**Work task**
Find "Папата Фрањо: Свештеникот", then copy its line and every later line of the entries exactly through the end, leaving all pictures out.

**Data for this task**
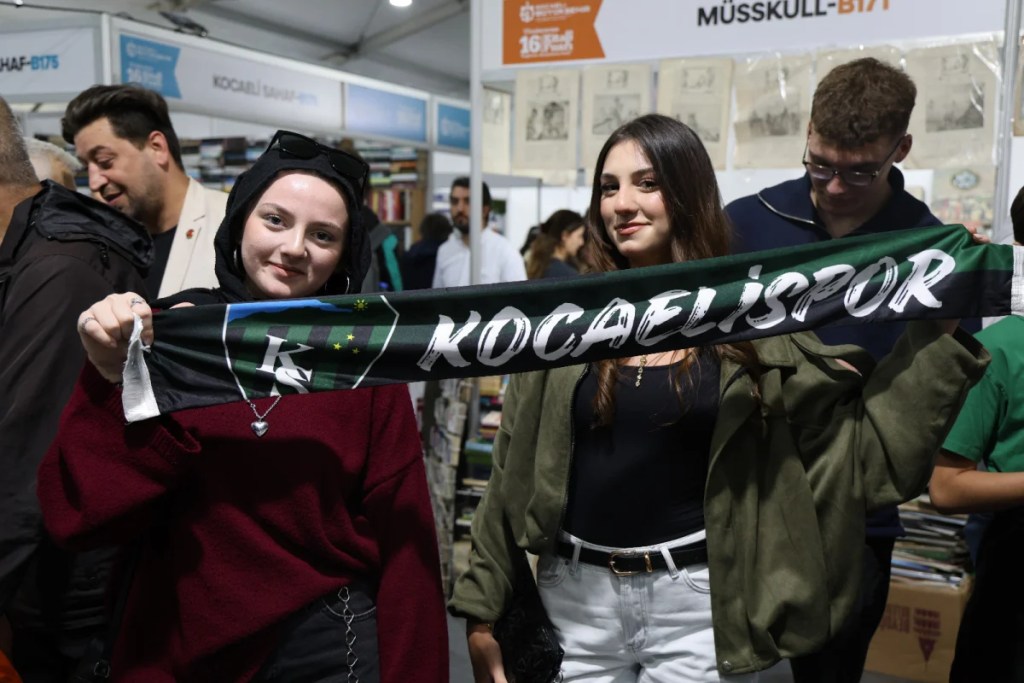 Kitap Fuarı'nda Kocaelispor coşkusu sürüyor - 3. görsel
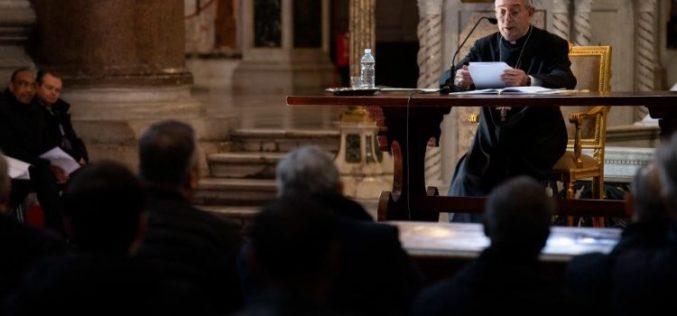 Папата Фрањо: Свештеникот не смее да се изолира, треба да живее со народот
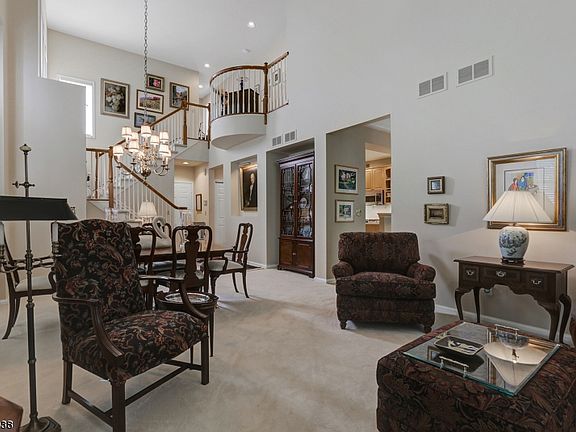 5th image of 20 Clements Ct #C0074-74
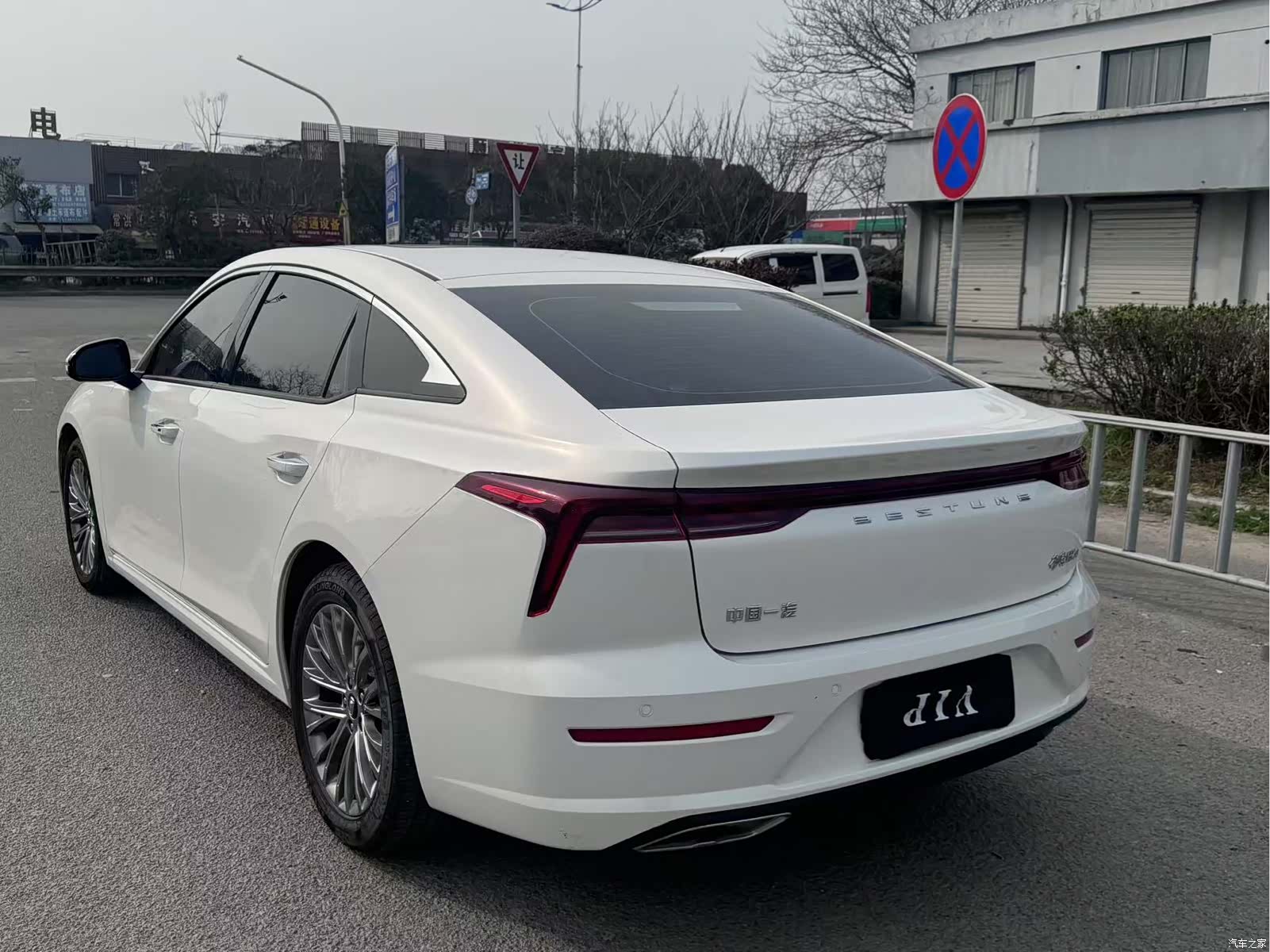 Bestune B70, 2022 12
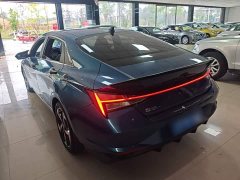 Hyundai Elantra 240TGDi DCT LUX Luxury Edition - photo 4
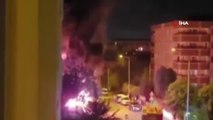 Bursa'da park halindeki minibüs alev alev yandı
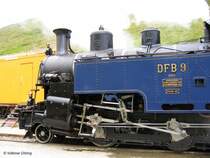 Blick auf die Steuerung der DFB Zahnrad-Dampflok (HG 3/4) Nr. 9  Gletschhorn  - Furka, 13.08.2005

**Task output**
 Папата Фрањо: Свештеникот не смее да се изолира, треба да живее со народот
 5th image of 20 Clements Ct #C0074-74
 Bestune B70, 2022 12
 Hyundai Elantra 240TGDi DCT LUX Luxury Edition - photo 4
 Bursa'da park halindeki minibüs alev alev yandı
 Blick auf die Steuerung der DFB Zahnrad-Dampflok (HG 3/4) Nr. 9  Gletschhorn  - Furka, 13.08.2005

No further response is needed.